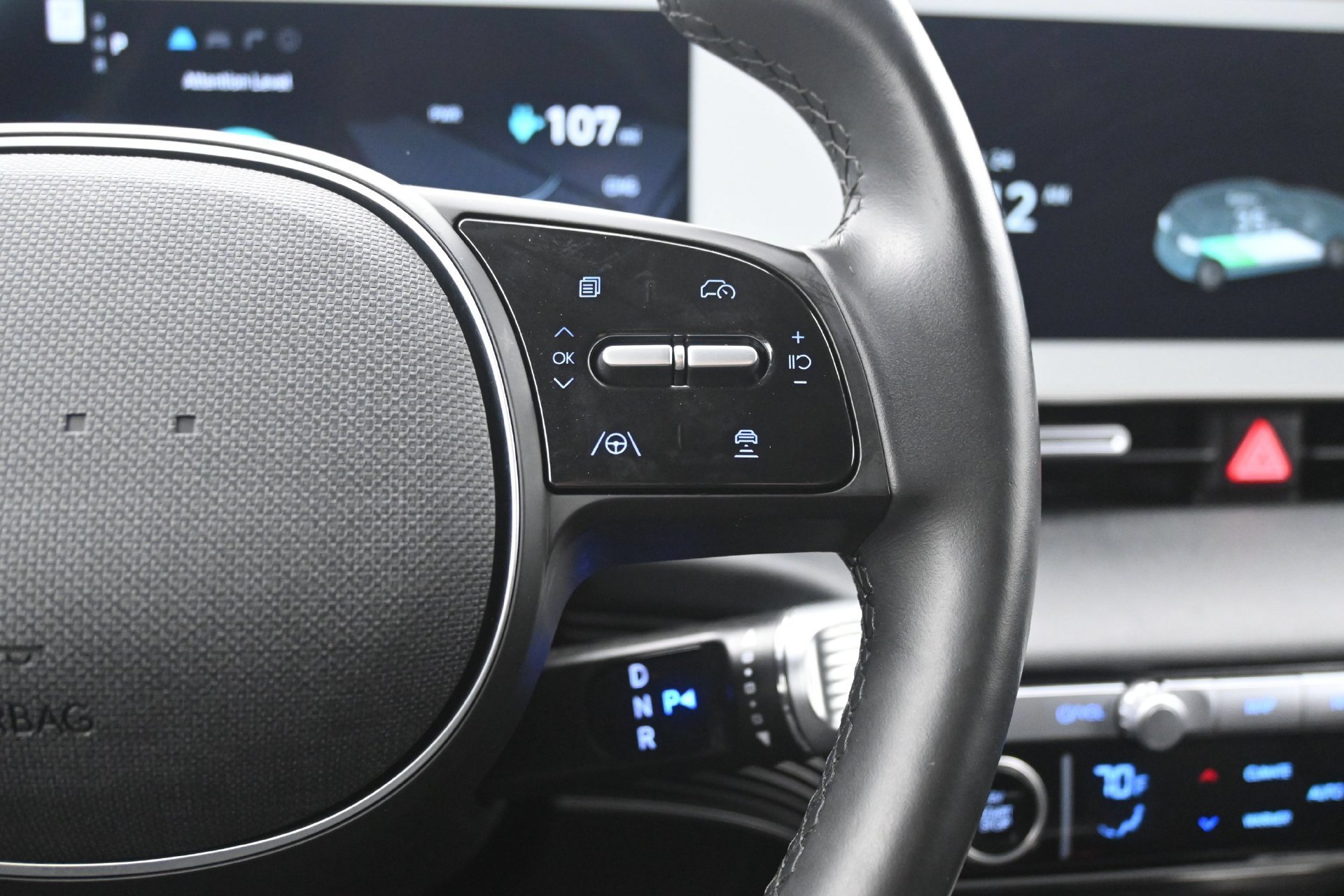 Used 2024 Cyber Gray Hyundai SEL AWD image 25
---
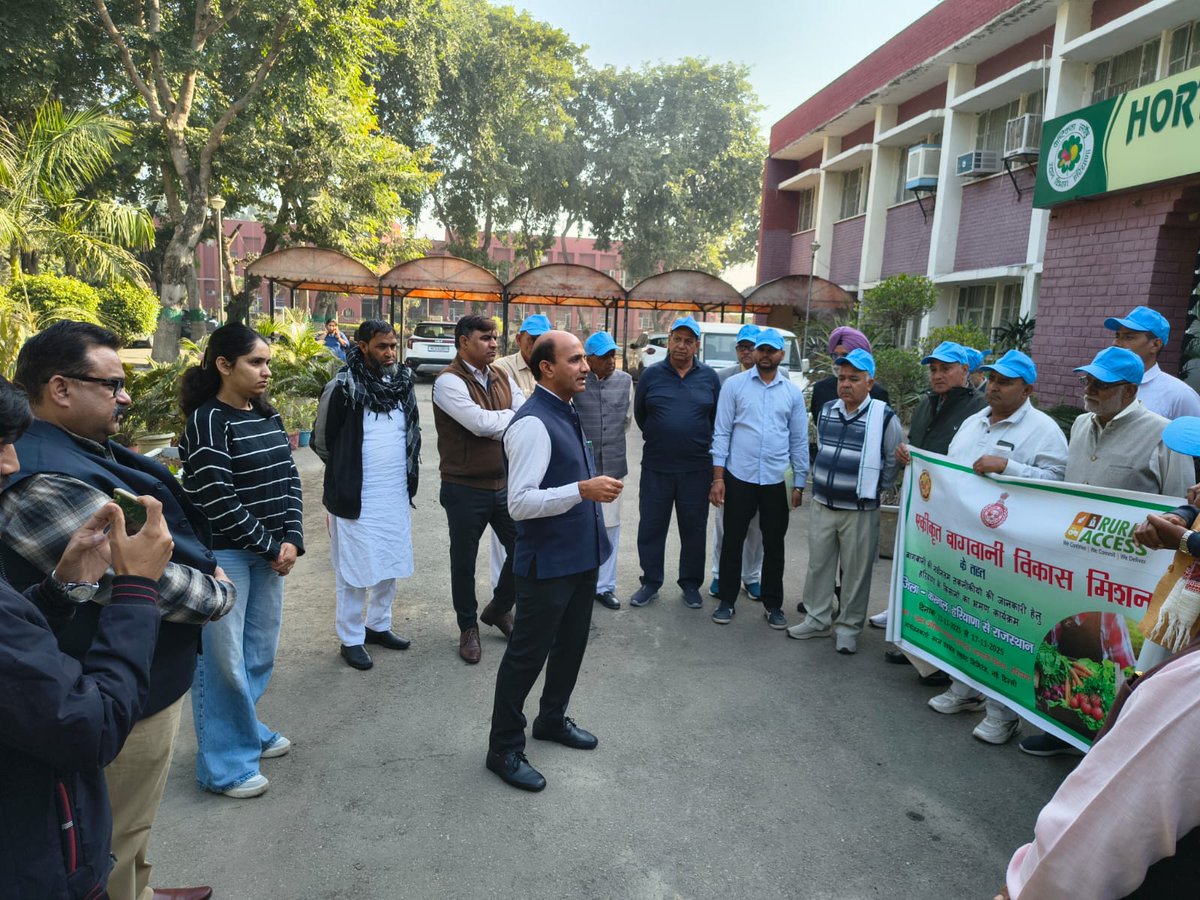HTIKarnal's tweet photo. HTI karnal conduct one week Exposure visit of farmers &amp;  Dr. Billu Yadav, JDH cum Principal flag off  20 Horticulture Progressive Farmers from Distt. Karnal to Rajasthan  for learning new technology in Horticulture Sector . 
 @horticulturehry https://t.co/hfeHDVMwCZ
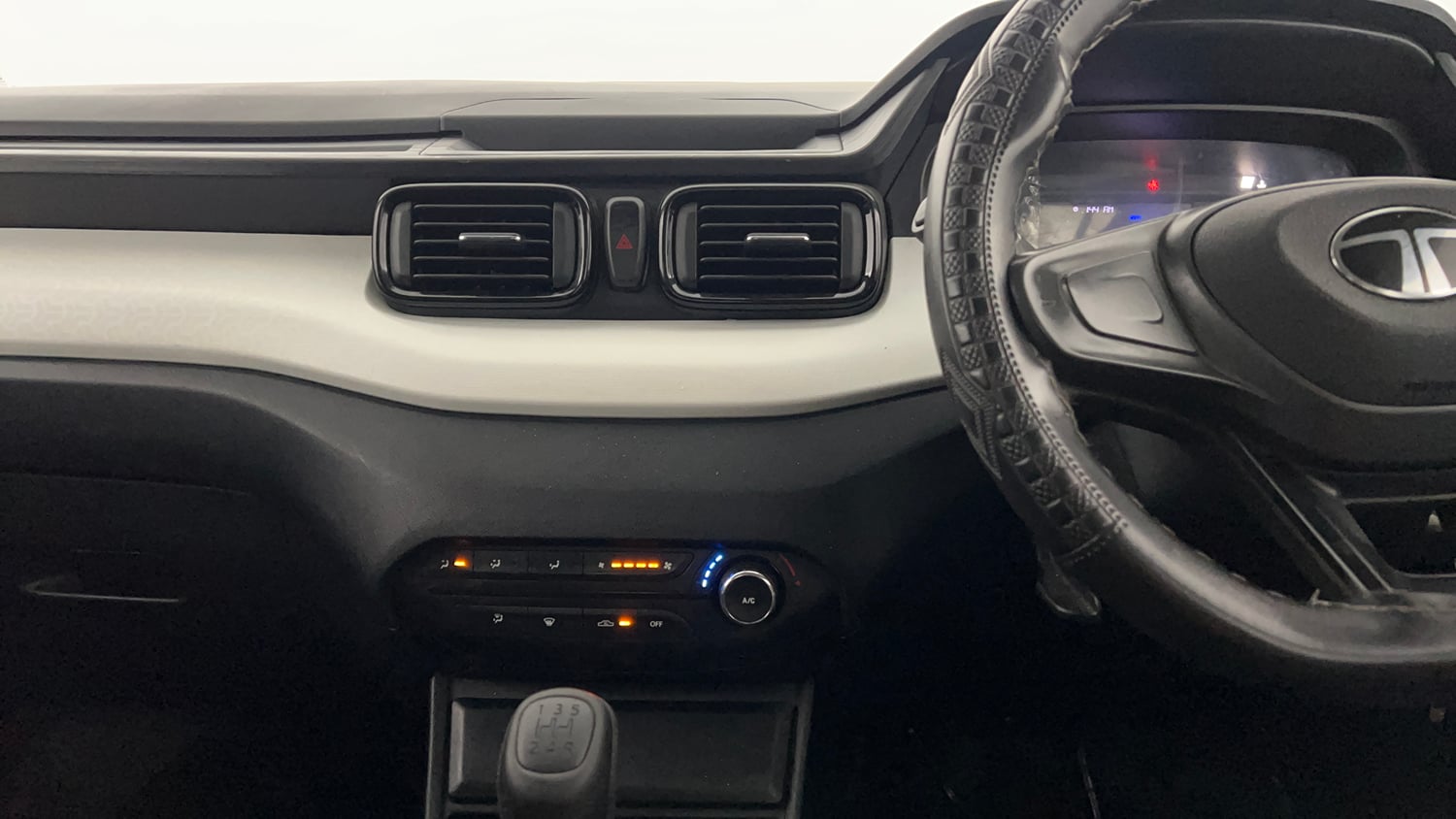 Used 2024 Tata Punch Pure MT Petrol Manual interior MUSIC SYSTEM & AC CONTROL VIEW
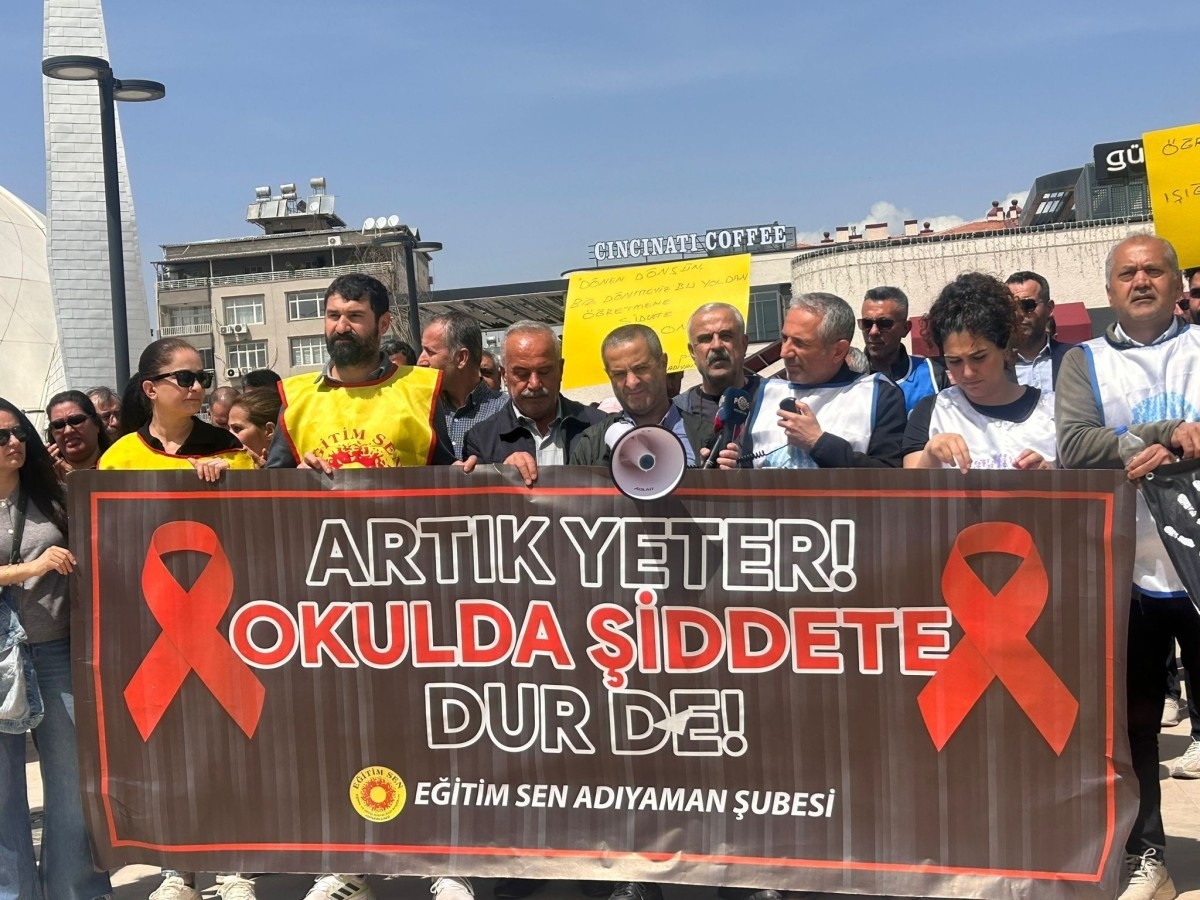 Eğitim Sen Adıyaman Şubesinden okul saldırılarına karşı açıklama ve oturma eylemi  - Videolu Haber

§ WHAT THIS TASK INVOLVES
Set down, exactly as written above, each line from the one with "Used 2024 Tata" through the one with "Eğitim Sen Adıyaman", and skip the pictures.

§ YOUR RESPONSE
 Used 2024 Tata Punch Pure MT Petrol Manual interior MUSIC SYSTEM & AC CONTROL VIEW
 Eğitim Sen Adıyaman Şubesinden okul saldırılarına karşı açıklama ve oturma eylemi  - Videolu Haber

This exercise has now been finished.